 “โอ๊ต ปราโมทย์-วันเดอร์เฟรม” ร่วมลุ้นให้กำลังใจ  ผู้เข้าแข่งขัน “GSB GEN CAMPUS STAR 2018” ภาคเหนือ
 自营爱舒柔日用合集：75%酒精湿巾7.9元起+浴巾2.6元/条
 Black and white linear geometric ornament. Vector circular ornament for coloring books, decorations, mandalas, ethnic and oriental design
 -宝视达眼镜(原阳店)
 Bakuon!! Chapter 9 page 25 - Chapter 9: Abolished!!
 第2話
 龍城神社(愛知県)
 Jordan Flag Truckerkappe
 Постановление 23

...

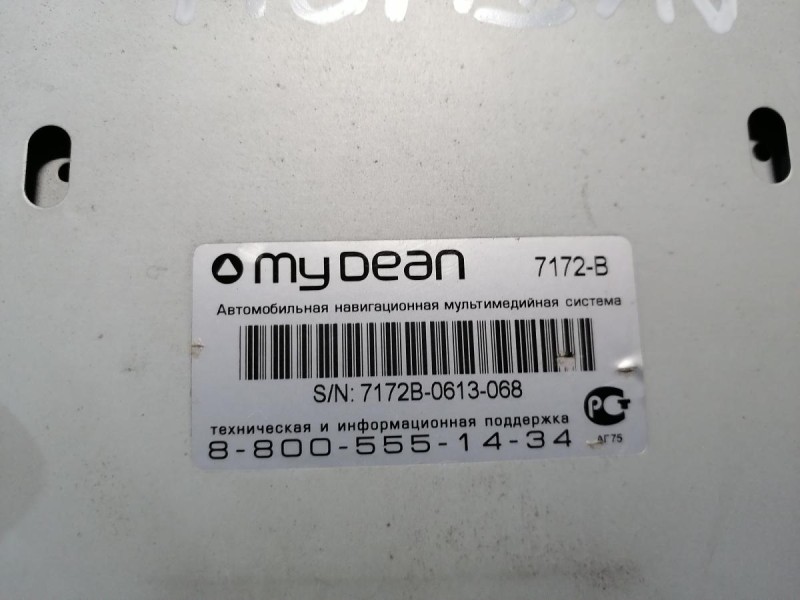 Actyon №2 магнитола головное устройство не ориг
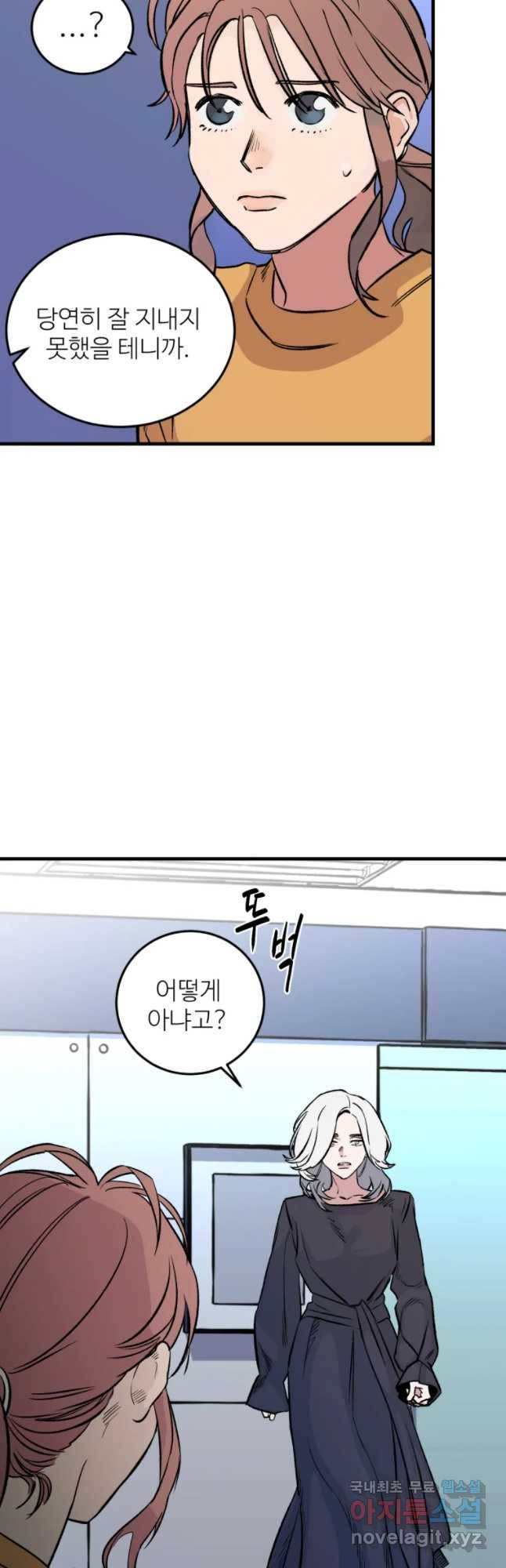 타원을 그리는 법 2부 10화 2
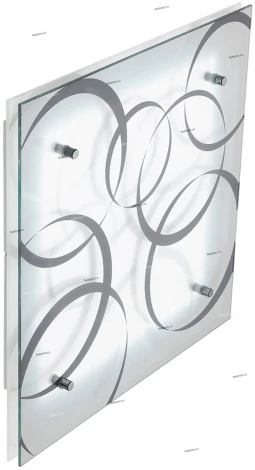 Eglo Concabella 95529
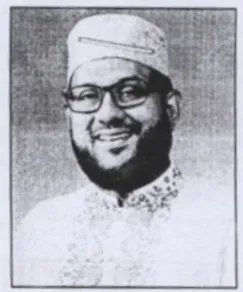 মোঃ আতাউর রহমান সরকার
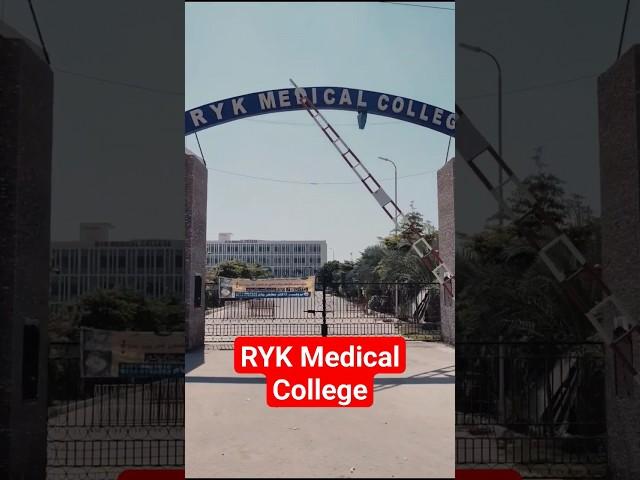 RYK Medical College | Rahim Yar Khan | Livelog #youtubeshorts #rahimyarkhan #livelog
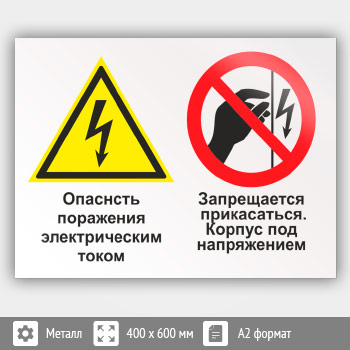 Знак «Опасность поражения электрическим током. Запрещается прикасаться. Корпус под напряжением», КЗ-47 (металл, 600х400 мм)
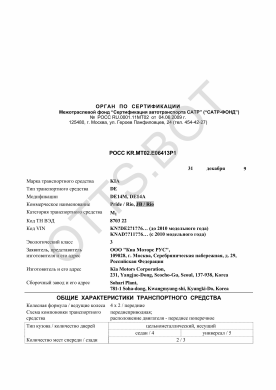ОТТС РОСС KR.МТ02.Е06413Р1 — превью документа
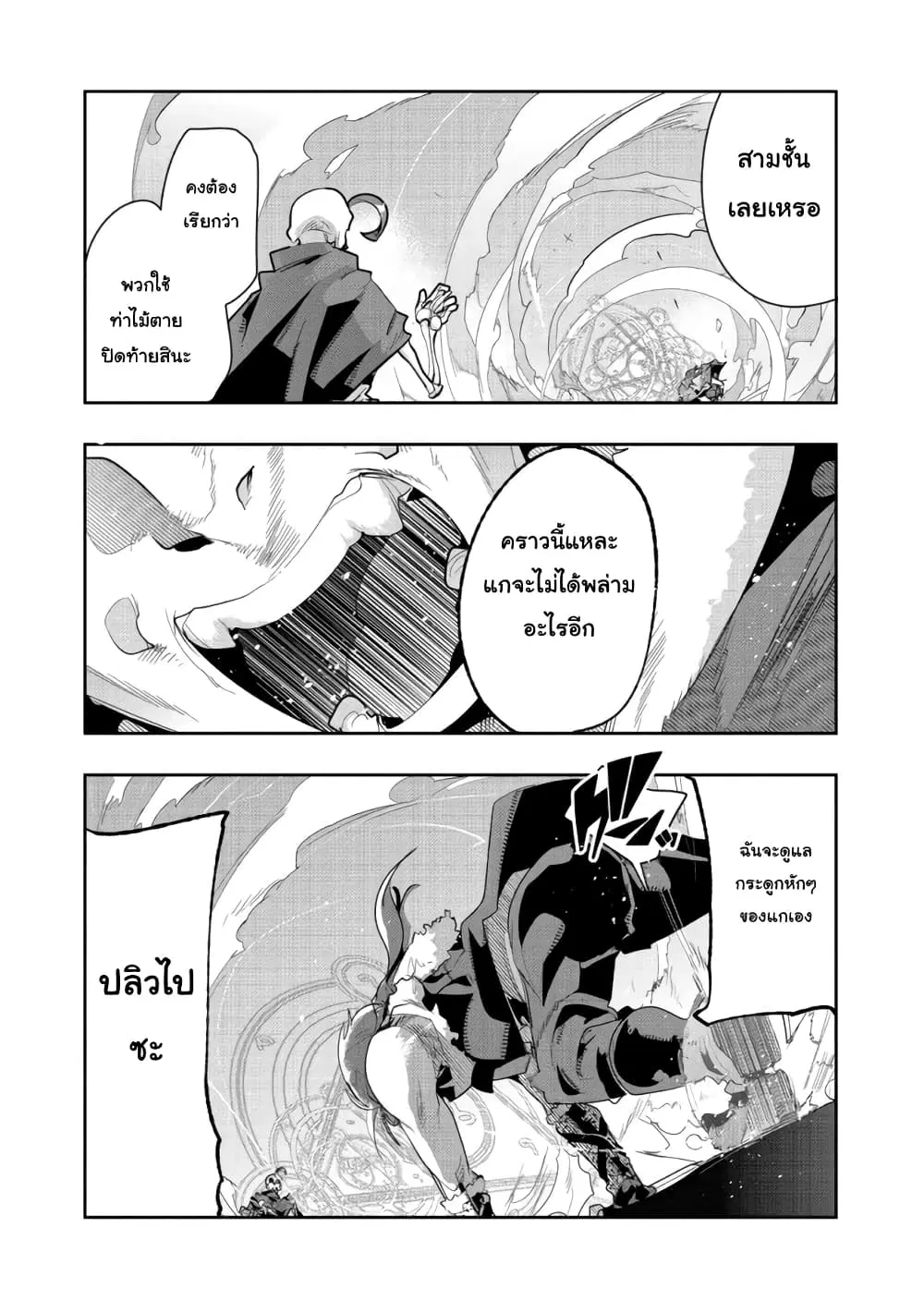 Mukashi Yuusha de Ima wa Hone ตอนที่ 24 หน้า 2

==

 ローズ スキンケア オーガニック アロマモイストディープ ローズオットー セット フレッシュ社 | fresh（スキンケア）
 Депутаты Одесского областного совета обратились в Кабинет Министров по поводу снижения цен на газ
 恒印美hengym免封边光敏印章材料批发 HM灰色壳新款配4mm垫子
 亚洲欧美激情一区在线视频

• [Work instruction]
In the entries above, find the line with "GEN CAMPUS STAR" and the line with "Постановление 23", then set down exactly those two and every line between them, nothing else.

• [Completed exercise]
 “โอ๊ต ปราโมทย์-วันเดอร์เฟรม” ร่วมลุ้นให้กำลังใจ  ผู้เข้าแข่งขัน “GSB GEN CAMPUS STAR 2018” ภาคเหนือ
 自营爱舒柔日用合集：75%酒精湿巾7.9元起+浴巾2.6元/条
 Black and white linear geometric ornament. Vector circular ornament for coloring books, decorations, mandalas, ethnic and oriental design
 -宝视达眼镜(原阳店)
 Bakuon!! Chapter 9 page 25 - Chapter 9: Abolished!!
 第2話
 龍城神社(愛知県)
 Jordan Flag Truckerkappe
 Постановление 23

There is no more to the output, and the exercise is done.